### STORED DATA

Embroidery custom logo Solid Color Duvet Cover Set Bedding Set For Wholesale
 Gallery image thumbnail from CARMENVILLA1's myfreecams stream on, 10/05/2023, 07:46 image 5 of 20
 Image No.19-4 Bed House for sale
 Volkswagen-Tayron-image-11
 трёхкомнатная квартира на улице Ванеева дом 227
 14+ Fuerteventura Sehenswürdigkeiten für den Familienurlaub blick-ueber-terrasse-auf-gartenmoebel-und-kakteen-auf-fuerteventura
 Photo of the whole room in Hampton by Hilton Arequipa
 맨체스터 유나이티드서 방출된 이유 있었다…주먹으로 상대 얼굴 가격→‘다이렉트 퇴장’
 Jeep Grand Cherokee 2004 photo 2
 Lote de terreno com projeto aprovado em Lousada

######

▶ **THE PROBLEM**
Find the line containing "Photo of the", then output it and every line after it to the end of the data, exactly.

▶ **RESULT OF THE EXERCISE**
 Photo of the whole room in Hampton by Hilton Arequipa
 맨체스터 유나이티드서 방출된 이유 있었다…주먹으로 상대 얼굴 가격→‘다이렉트 퇴장’
 Jeep Grand Cherokee 2004 photo 2
 Lote de terreno com projeto aprovado em Lousada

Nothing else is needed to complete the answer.